Notebook

Signed Cumulative Distribution Transform Nearest Subspace (SCDT-NS) Classifier¶

This tutorial will demonstrate how to use the SCDT-NS classifier from the PyTransKit package to classify 1D signals.

Class:: SCDT_NS¶

Functions:

Constructor function: scdt_ns_obj = SCDT_NS(num_classes, rm_edge)

 Inputs:
 ----------------
 num_classes : integer value
     totale number of classes in the dataset.
 rm_edge : [optional] boolean 
     IF TRUE the first and last points of CDTs will be removed.

 Outputs:
 ----------------
 scdt_ns_obj : class object
     Instance of the class SCDT_NS.

Fit function: scdt_ns_obj.fit(Xtrain, Ytrain, Ttrain)

 Inputs:
 ----------------
 Xtrain : array-like, shape (n_samples, n_columns)
     1D data for training.
 Ytrain : ndarray of shape (n_samples,)
     Labels of the training samples.
 Ttrain : [optional] array-like, shape (n_samples, n_columns)
     domain for corresponding training signals.

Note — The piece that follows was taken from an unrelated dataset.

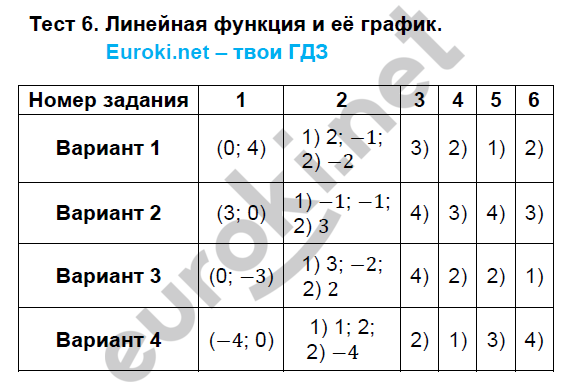 Иллюстрация 24 из 26 для Тесты по алгебре. 7 класс. К учебнику А.Г. Мордковича "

Predict function: preds = scdt_ns_obj.predict(Xtest, Ttest, use_gpu)

 Inputs:
 ----------------
 Xtest : array-like, shape (n_samples, n_columns)
     1D data for testing.
 Ttest : [optional] array-like, shape (n_samples, n_columns)
     domain for corresponding test signals.
 use_gpu: [optional] boolean flag; IF TRUE, use gpu for calculations
     default = False.

 Outputs:
 ----------------
 preds : 1d array, shape (n_samples,)
    Predicted labels for test samples.

Example¶

The following example will demonstrate how to:

create and initialize an instance of the class SCDT_NS
train the model using 1D signals
apply the model to predict calss labels of the test 1D samples

In this example we have used a synthetic dataset (1D). The dataset contains three classes.
Class 0: 4-th degree polynomial applied to a Gabor wave
Class 1: 4-th degree polynomial applied to a sawtooth wave
Class 2: 4-th degree polynomial applied to a square wave

Import python libraries¶

In [1]:

import numpy as np
from numpy import interp
import math
import matplotlib.pyplot as plt
from scipy.linalg import lstsq
from scipy import signal

import sys
sys.path.append('../')
from pytranskit.classification.utils import *

Import SCDT-NS class from PyTransKit package¶

In [2]:

from pytranskit.classification.scdt_ns import SCDT_NS

Define a three template signals: Gabor wave, sawtooth wave, square wave¶

In [3]:

def signal_gabor(t):
    w = 30
    s1 = np.real(math.pi**-0.25 * np.exp(2*math.pi*1j*w*(t-0.5)) * np.exp(-200*((t-0.5)**2)))
    return s1

def signal_sawtooth(t):
    s2 = signal.sawtooth(2 * np.pi * 15 * (t-0.5))* np.exp(-250*((t-0.5)**2))
    return s2

def signal_square(t):
    s3 = signal.square(2 * np.pi * 15 * (t-0.5))*np.exp(-250*((t-0.5)**2))
    return s3

Generate template signals for three classes¶

In [4]:

N = 300  # number of discrete samples per signal

## Define a set of signals
t = np.linspace(0.,1.,N)

s_template = []
s_template.append(signal_gabor(t))    
s_template.append(signal_sawtooth(t))    
s_template.append(signal_square(t))

## generate confounds
num_classes = len(s_template) # number of classes

## Plotting
fig, ax = plt.subplots(1, 3, sharex=False, sharey=False, figsize=(25,3))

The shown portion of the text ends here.